● PROBLEM STATEMENT:
Reproduce each entry exactly as written.

Records drawn from a dataset:
[Start of Attachment]

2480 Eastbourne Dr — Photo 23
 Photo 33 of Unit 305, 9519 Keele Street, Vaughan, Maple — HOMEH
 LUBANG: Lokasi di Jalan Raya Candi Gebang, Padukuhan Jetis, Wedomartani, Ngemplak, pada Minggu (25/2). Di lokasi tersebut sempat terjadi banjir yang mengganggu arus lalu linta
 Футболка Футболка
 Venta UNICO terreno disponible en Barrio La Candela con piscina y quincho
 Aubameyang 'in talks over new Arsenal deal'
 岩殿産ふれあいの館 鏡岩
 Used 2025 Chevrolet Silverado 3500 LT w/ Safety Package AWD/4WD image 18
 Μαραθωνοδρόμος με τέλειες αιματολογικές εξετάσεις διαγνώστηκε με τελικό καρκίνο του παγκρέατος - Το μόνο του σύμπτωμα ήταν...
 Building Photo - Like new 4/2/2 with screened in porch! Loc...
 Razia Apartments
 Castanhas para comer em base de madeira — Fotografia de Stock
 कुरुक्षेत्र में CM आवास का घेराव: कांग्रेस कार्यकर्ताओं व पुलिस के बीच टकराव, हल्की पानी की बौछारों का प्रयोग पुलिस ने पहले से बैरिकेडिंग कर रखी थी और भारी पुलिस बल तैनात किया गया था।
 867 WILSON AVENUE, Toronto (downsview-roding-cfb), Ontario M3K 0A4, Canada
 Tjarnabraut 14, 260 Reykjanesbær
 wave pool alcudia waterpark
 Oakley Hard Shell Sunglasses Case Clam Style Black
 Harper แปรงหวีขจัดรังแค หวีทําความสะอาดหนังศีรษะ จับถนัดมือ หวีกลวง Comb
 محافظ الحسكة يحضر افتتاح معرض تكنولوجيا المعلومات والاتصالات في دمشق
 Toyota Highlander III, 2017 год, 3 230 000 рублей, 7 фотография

[End of Attachment]

● RESULT:
2480 Eastbourne Dr — Photo 23
 Photo 33 of Unit 305, 9519 Keele Street, Vaughan, Maple — HOMEH
 LUBANG: Lokasi di Jalan Raya Candi Gebang, Padukuhan Jetis, Wedomartani, Ngemplak, pada Minggu (25/2). Di lokasi tersebut sempat terjadi banjir yang mengganggu arus lalu linta
 Футболка Футболка
 Venta UNICO terreno disponible en Barrio La Candela con piscina y quincho
 Aubameyang 'in talks over new Arsenal deal'
 岩殿産ふれあいの館 鏡岩
 Used 2025 Chevrolet Silverado 3500 LT w/ Safety Package AWD/4WD image 18
 Μαραθωνοδρόμος με τέλειες αιματολογικές εξετάσεις διαγνώστηκε με τελικό καρκίνο του παγκρέατος - Το μόνο του σύμπτωμα ήταν...
 Building Photo - Like new 4/2/2 with screened in porch! Loc...
 Razia Apartments
 Castanhas para comer em base de madeira — Fotografia de Stock
 कुरुक्षेत्र में CM आवास का घेराव: कांग्रेस कार्यकर्ताओं व पुलिस के बीच टकराव, हल्की पानी की बौछारों का प्रयोग पुलिस ने पहले से बैरिकेडिंग कर रखी थी और भारी पुलिस बल तैनात किया गया था।
 867 WILSON AVENUE, Toronto (downsview-roding-cfb), Ontario M3K 0A4, Canada
 Tjarnabraut 14, 260 Reykjanesbær
 wave pool alcudia waterpark
 Oakley Hard Shell Sunglasses Case Clam Style Black
 Harper แปรงหวีขจัดรังแค หวีทําความสะอาดหนังศีรษะ จับถนัดมือ หวีกลวง Comb
 محافظ الحسكة يحضر افتتاح معرض تكنولوجيا المعلومات والاتصالات في دمشق
 Toyota Highlander III, 2017 год, 3 230 000 рублей, 7 фотография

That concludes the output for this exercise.